Your Confident AI API key. Defaults to the CONFIDENT_API_KEY environment variable when omitted.

name
str

The name of the trace. Learn more.

tags
List[str]

Tags are string labels that help you group related traces. Learn more.

metadata
Dict

Attach any metadata to the trace. Learn more.

thread_id
str

Supply the thread or conversation ID to view and evaluate conversations. Learn more.

user_id
str

Supply the user ID to enable user analytics. Learn more.

turn_id
str

The turn ID for multi-turn conversations.

test_case_id
str

Associate this trace with a specific test case ID.

metric_collection
str

The name of the metric collection to use for online evals at the trace level.

environment
str

The deployment environment. Accepted values: "production", "staging", "development", "testing". Defaults to "development".

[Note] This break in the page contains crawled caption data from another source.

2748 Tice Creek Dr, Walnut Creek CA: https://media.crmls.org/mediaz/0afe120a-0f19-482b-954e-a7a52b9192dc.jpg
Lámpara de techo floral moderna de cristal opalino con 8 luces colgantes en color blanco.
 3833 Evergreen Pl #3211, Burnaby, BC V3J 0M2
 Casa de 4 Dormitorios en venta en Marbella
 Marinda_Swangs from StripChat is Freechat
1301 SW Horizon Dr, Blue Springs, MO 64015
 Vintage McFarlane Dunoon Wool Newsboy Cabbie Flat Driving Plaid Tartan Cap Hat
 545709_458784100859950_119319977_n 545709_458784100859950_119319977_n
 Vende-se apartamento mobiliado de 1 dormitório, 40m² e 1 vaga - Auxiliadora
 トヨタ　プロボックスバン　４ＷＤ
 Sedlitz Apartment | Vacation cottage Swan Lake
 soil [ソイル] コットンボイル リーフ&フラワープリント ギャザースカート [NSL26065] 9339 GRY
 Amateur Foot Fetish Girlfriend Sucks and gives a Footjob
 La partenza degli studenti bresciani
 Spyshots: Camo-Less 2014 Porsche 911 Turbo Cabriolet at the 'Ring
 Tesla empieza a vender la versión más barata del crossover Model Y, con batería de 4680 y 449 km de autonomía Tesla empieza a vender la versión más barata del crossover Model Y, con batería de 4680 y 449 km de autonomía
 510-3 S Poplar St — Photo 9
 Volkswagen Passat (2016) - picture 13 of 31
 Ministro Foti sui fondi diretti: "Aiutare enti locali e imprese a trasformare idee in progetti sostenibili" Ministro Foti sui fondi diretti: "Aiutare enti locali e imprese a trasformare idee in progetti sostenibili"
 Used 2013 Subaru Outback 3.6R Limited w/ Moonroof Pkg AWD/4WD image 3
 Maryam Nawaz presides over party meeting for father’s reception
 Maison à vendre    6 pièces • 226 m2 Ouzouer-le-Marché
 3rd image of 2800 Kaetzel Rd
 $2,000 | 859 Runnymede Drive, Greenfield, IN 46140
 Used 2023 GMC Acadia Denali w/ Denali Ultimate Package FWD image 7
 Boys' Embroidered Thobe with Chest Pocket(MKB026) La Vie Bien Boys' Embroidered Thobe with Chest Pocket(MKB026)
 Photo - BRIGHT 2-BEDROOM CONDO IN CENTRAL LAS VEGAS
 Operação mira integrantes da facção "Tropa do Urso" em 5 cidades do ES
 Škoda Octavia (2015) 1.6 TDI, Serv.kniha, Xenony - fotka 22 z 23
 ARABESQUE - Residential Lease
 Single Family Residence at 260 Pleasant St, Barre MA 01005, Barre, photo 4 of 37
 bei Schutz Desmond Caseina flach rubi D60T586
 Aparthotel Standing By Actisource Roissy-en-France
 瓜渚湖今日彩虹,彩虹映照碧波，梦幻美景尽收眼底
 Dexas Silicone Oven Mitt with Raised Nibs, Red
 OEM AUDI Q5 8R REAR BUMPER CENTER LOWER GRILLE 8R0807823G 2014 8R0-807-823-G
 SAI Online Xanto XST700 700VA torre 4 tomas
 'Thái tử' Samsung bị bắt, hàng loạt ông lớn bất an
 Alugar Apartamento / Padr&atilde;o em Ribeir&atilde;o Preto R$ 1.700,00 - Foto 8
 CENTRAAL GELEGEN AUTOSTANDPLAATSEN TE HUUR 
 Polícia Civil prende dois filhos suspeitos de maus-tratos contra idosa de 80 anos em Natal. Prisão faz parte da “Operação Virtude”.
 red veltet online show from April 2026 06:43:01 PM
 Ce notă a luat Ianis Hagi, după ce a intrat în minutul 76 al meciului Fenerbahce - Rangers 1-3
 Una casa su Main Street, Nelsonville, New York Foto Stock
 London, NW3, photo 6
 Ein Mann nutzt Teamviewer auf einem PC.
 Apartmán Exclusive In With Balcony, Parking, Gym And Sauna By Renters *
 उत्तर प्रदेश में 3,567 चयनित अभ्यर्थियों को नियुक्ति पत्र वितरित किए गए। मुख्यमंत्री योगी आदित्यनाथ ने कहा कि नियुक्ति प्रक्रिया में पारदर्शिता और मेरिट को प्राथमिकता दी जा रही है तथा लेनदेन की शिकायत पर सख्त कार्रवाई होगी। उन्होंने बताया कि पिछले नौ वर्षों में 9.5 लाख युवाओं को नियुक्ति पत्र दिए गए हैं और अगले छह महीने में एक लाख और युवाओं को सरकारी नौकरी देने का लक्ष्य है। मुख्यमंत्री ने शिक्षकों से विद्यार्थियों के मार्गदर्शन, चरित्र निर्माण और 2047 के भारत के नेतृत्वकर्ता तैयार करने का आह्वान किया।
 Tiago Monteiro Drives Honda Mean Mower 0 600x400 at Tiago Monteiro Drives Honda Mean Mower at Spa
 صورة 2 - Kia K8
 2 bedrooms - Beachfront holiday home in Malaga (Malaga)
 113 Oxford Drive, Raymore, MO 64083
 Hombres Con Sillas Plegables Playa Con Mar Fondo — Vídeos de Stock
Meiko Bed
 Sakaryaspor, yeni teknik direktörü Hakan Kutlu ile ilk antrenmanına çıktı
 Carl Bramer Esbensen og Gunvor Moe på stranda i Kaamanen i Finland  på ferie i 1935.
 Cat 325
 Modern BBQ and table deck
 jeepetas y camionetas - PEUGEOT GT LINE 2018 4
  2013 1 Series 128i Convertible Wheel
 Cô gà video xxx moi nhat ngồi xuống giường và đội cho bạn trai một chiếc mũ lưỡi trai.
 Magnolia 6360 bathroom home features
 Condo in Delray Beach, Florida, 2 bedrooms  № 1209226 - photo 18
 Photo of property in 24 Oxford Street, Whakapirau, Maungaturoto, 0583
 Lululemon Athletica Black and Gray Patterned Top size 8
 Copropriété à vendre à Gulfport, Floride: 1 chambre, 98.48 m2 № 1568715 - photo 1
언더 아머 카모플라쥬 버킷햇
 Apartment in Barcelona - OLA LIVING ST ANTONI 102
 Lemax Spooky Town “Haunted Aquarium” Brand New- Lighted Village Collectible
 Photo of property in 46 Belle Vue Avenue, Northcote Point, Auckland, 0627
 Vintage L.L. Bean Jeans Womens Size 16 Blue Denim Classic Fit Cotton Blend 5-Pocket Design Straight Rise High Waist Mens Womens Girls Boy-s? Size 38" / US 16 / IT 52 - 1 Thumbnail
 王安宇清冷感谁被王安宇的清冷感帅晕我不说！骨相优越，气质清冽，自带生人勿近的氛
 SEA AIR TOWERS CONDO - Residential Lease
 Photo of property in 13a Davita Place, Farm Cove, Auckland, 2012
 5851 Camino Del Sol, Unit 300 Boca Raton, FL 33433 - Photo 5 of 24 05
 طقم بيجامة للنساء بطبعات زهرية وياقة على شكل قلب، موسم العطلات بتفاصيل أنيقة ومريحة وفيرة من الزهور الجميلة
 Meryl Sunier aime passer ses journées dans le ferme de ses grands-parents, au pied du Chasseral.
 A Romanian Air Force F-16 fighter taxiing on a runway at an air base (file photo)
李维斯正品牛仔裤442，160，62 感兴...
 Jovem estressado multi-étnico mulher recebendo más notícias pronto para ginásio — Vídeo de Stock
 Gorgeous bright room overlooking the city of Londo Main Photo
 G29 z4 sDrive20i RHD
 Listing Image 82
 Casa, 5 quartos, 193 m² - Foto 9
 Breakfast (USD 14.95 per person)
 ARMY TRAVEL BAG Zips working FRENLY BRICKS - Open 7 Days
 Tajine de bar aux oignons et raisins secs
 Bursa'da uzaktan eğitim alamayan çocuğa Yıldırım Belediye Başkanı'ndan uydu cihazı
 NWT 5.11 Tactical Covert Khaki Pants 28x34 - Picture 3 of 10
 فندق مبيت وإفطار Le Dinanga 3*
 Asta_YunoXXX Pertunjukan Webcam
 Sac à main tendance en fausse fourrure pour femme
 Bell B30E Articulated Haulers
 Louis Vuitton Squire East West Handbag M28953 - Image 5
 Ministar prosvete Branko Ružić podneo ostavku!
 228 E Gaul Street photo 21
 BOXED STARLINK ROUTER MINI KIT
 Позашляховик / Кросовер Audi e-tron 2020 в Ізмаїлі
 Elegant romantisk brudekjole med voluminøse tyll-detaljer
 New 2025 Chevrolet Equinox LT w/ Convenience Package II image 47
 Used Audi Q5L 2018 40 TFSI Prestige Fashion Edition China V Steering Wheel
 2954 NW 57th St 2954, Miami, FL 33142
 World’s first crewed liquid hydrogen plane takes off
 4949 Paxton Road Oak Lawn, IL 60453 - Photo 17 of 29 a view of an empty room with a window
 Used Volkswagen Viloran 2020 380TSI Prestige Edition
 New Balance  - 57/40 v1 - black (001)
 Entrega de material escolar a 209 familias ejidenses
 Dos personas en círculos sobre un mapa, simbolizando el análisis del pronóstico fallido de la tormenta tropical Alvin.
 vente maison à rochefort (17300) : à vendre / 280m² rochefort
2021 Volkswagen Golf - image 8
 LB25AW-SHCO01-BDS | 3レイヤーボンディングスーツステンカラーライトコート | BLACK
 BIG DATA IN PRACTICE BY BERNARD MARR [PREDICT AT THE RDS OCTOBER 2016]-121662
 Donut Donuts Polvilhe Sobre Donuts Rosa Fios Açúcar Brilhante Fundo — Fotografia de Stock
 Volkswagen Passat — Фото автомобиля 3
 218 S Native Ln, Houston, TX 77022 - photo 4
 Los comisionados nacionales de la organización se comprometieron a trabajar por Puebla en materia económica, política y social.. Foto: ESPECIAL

Each attribute is optional, and works the same way as the native tracing features on Confident AI.

Logging prompts

If you are managing prompts on Confident AI and wish to log them, use next_llm_span to associate a Prompt with the next LLM span before invoking your agent.

main.py
1from google.adk.agents import Agent
2from google.adk.runners import Runner
3from google.adk.sessions import InMemorySessionService
4from deepeval.prompt import Prompt
5from deepeval.tracing import next_llm_span
6from deepeval.integrations.google_adk import instrument_google_adk
7
8instrument_google_adk(environment="production")
9
10prompt = Prompt(alias="<prompt-alias>")
11prompt.pull(version="00.00.01")
12
13root_agent = Agent(
14 name="my_agent",
15 model="gemini-2.0-flash",
16 description="A helpful assistant.",
17 instruction=prompt.interpolate(),
18)
19
20session_service = InMemorySessionService()
21runner = Runner(agent=root_agent, app_name="my_app", session_service=session_service)
22
23with next_llm_span(prompt=prompt):
24 # run your agent here
25 pass

Be sure to pull the prompt before logging it, otherwise the prompt will not be visible on Confident AI.

Evals Usage

Online evals

You can run online evals on your Google ADK agent, which will run evaluations on all incoming traces on Confident AI’s servers. This approach is recommended if your agent is in production.

1

Create metric collection

Create a metric collection on Confident AI with the metrics you wish to use to evaluate your agent.

Create metric collection

Your metric collection should only contain metrics that evaluate the input and output of the span or trace you are targeting.

2

Run evals

Pass metric_collection to instrument_google_adk to evaluate every trace produced by your agent.

main.py
1from google.adk.agents import Agent
2from deepeval.integrations.google_adk import instrument_google_adk
3
4instrument_google_adk(
5 metric_collection="my_metric_collection",
6)
7
8root_agent = Agent(
9 name="my_agent",
10 model="gemini-2.0-flash",
11 description="A helpful assistant.",
12 instruction="Answer questions concisely.",
13)

All incoming traces will now be evaluated using metrics from your metric collection.

You can view eval results on Confident AI by clicking on the link printed in the console.